【質問者】
中谷嘉寿 近畿大学医学部腎臓内科准教授
【腎臓学と腫瘍学が重なり合う部分を横断的に取り扱う学問・診療分野である】
Onconephrologyとは,oncology(腫瘍学)とnephrology(腎臓学)を合わせた言葉であることからわかるように,この両分野の共通する部分を取り扱う新たな分野です。
以前から臨床の現場では,がん患者に生じる腎障害はがん治療を困難にしたり生命予後を規定したりする重要な問題としてとらえられていました。しかし昨今,高齢化やがん治療の進歩に伴い,腎に関する問題が重要性を増したことから,腎障害を合併するがん患者に対する分野横断的な診療や研究を進める目的で,onconephrologyは2010年頃から新たに体系立った学問・診療領域として創設され,注目されるようになってきました。
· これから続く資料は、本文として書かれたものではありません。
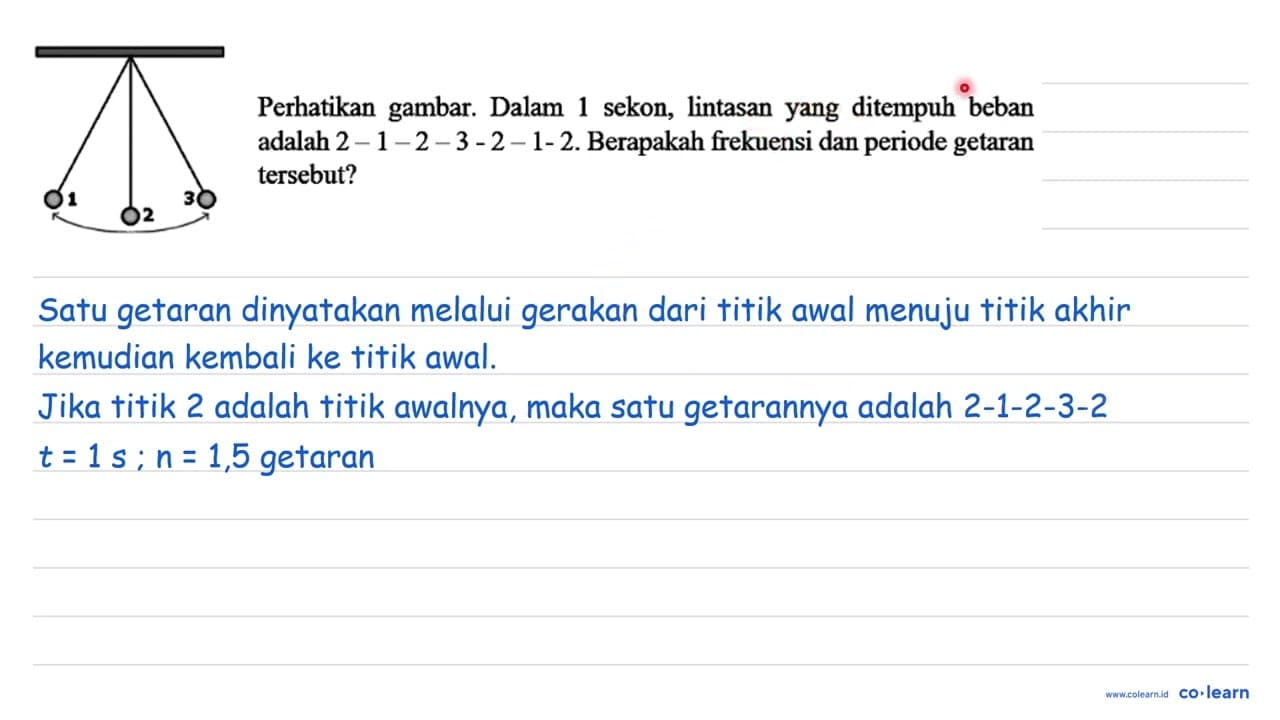 Perhatikan gambar. Dalam 1 sekon, lintasan yang ditempuh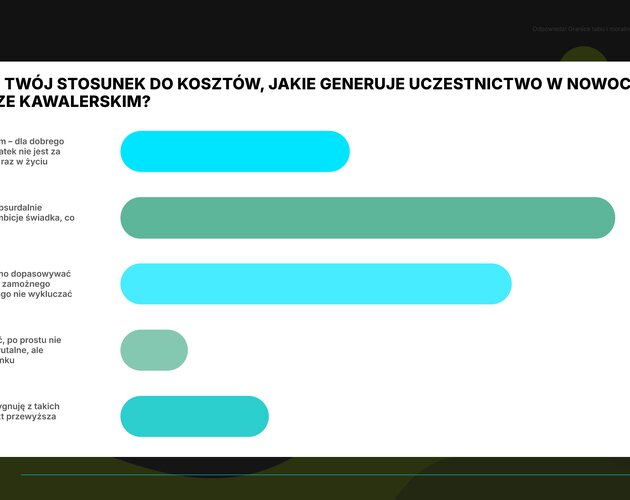 Cienie i wyzwania nowoczesnych kawalerskich. Wyniki badania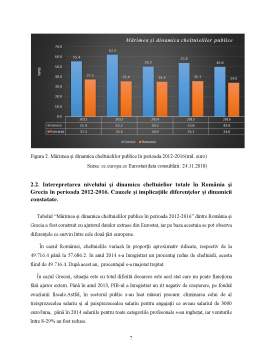 Proiect - Studiu de caz comparativ privind nivelul, structura și dinamica cheltuielilor publice(bugetare) în România și Grecia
特に注目度が高いのが,がん治療に伴う腎障害の問題です。長年頻用されてきたシスプラチンなどの化学療法薬に加えて,血管内皮増殖因子(vascular endothelial growth factor:VEGF)経路を阻害する分子標的薬や免疫チェックポイント阻害薬はがん治療成績を向上させてきました。一方でこれらの薬物の有害事象としての腎障害が,重要な問題として浮かび上がってきました。